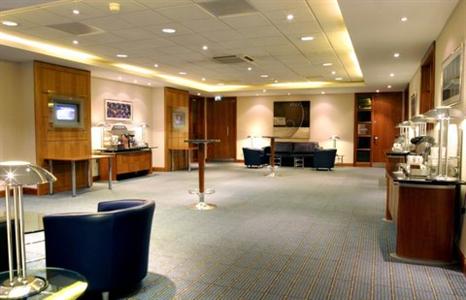 фото отеля Holiday Inn Gatwick Airport
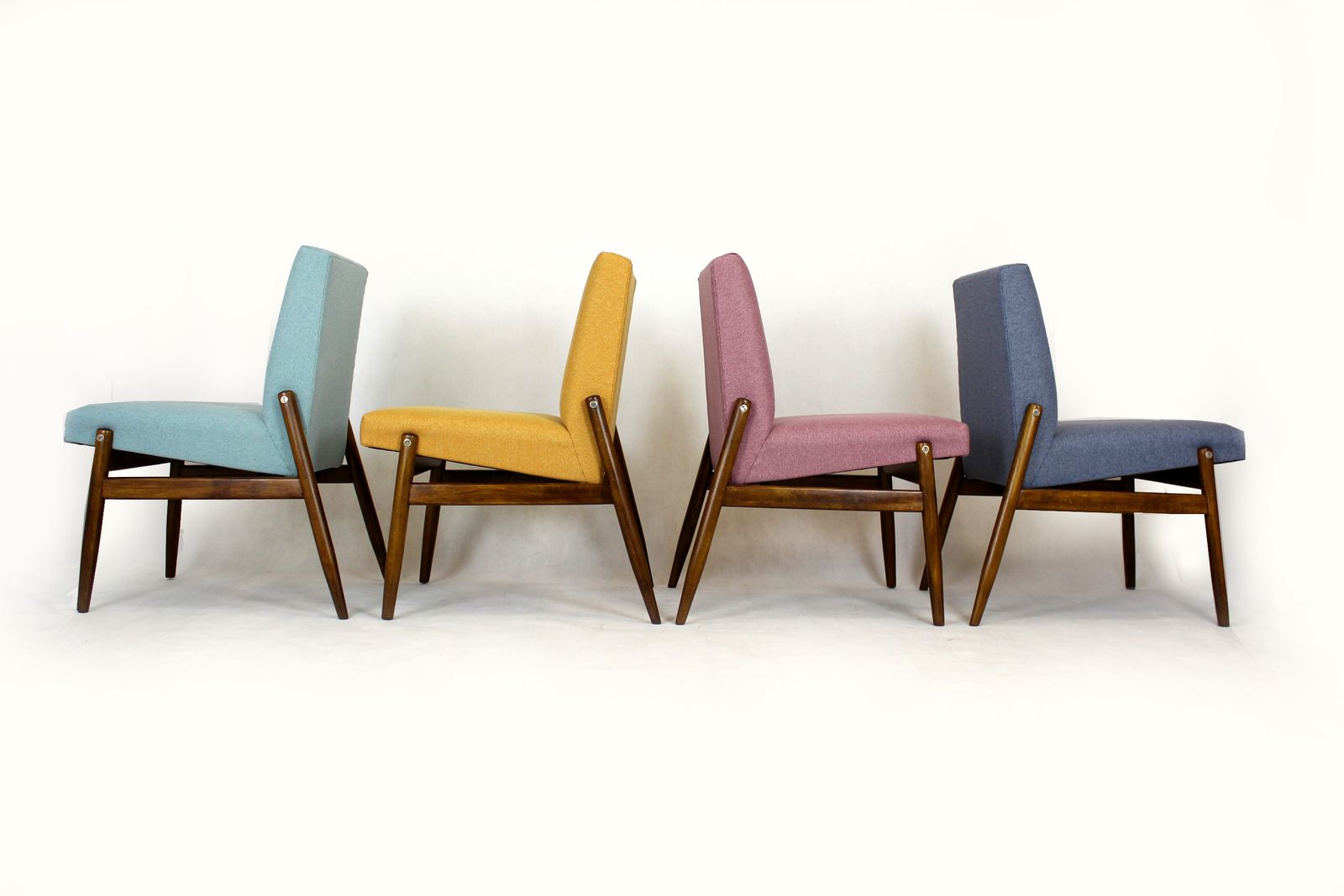 Restored Beech Chairs From Zamojskie Fabryki Mebli, 1960s, Set Of 4 photo vintage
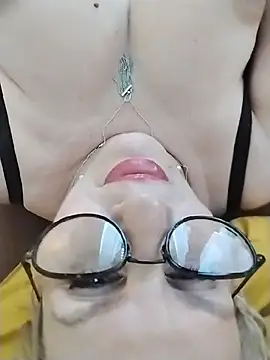 GattonaBiondona's Live XXX Chat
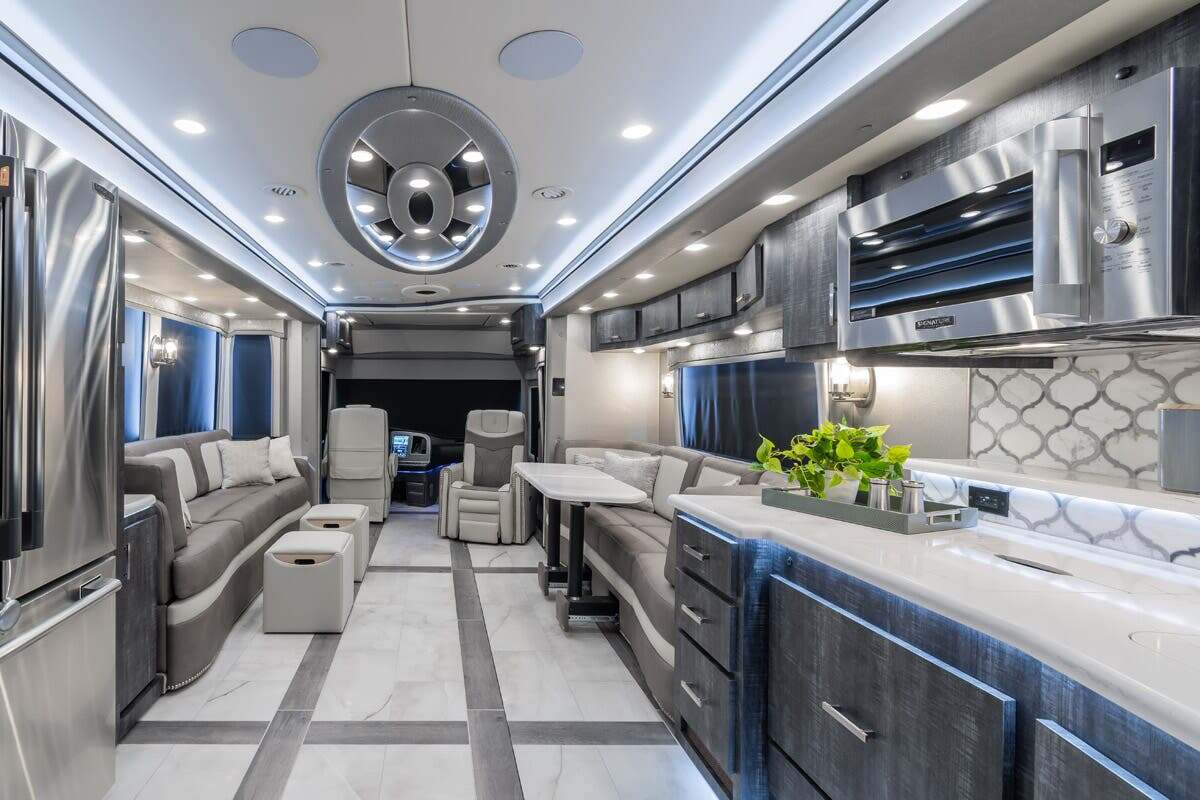 2026 Foretravel Realm FS605 Luxury Villa Master Suite (LVMS) Bath & 1/2 FS605 LVMS in alvarado TX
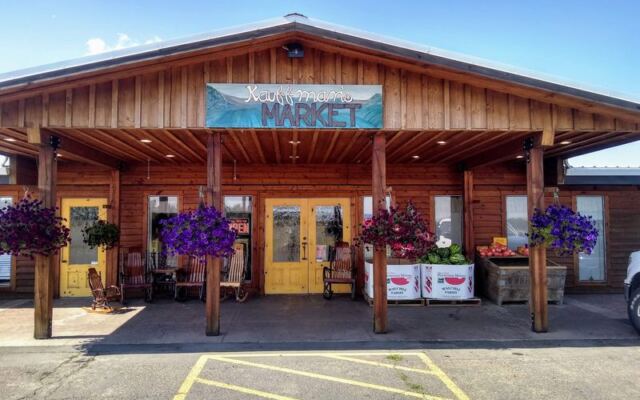 This Oregon Mennonite Market Draws Crowds for Homemade Sandwiches Piled With Carved Turkey and a Secret Spread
================
Everything in the listing above is to be given again exactly, apart from the pictures.

 фото отеля Holiday Inn Gatwick Airport
 Restored Beech Chairs From Zamojskie Fabryki Mebli, 1960s, Set Of 4 photo vintage
 GattonaBiondona's Live XXX Chat
 2026 Foretravel Realm FS605 Luxury Villa Master Suite (LVMS) Bath & 1/2 FS605 LVMS in alvarado TX
 This Oregon Mennonite Market Draws Crowds for Homemade Sandwiches Piled With Carved Turkey and a Secret Spread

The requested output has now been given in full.